I’m lucky to be a teacher, happy to be a teacher. One of my favorite “games” to play when I was young was “school.” My older sister Theresa pretended to be the teacher while I was the diligent student, listening attentively, working hard. Was that nature or nurture at play? In any case, I have spent the majority of my life happily learning, reading, and writing. I talk to my students about the necessity of investing in themselves. When teachers do all the things that make teaching—that is, sharing ideas—possible, we are investing in the education process. I believe in education as a means of individual and, consequentially, social empowerment.

There is nothing better than a good day teaching. A good day teaching is wildly exhilarating; it is a ride on a luck dragon

“A good day teaching” is about one thing: connectivity. I am overly fond of quotes, especially the simple, beautiful command from E. M. Foster to “only connect.”  A good day teaching is about confluence and culmination and ultimately an arrival at a point of connection between ideas and people that results in insight. This moment of insight sparks a remarkable phenomenon: the student’s face will actually, noticeably light up (and what a lovely light).
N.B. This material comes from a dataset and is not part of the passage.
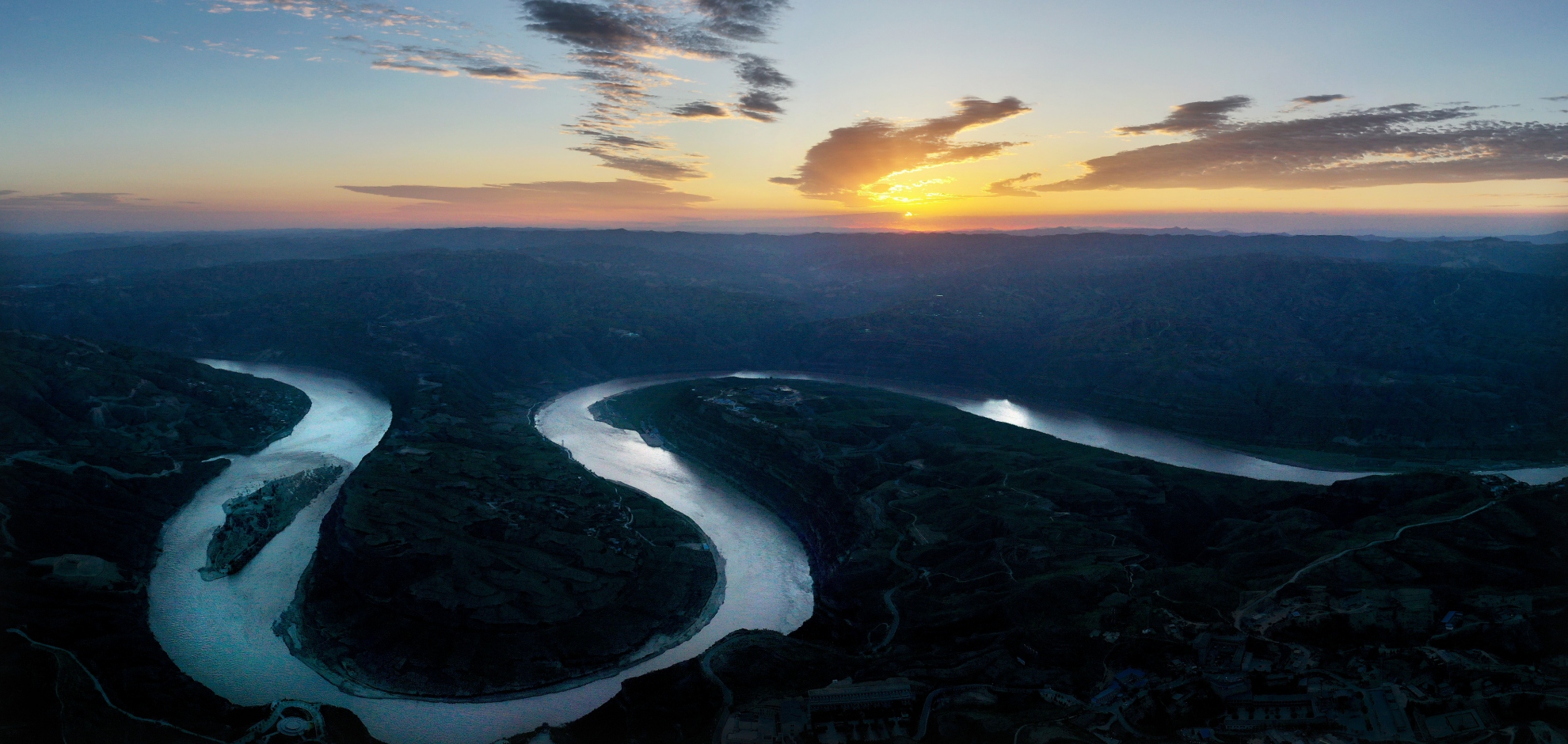 1690336834140892.jpg 2d167df830ec4c49bac3a38672edd4fa.jpg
“We do not remember days, we remember moments,” says Italian writer Cesare Pavese.  And so it is that “a good day teaching” consists merely of moments. A good day at school has been captured in many inspiring films. I’ve cried watching every one of those films which elevate the classroom experience, but the subtle accomplishments in the excellent documentary The Class reveal a more perfect truth. Extraordinary moments of learning are fleeting, like the sighting of a rare a astonishing bird. In reality, “a good day teaching” entails, perhaps, one brief hour on the luck dragon, the other seven hours  (or more) are spent preparing course materials, reading ancillary documents, researching curriculum, grading assignments, updating course materials, attending meetings, holding office hours, and other necessary aspects of education.  This does not mean that all the other aspects of teaching are drudgery. They are the things that must be done in order to get a ticket for a brief, yet glorious ride.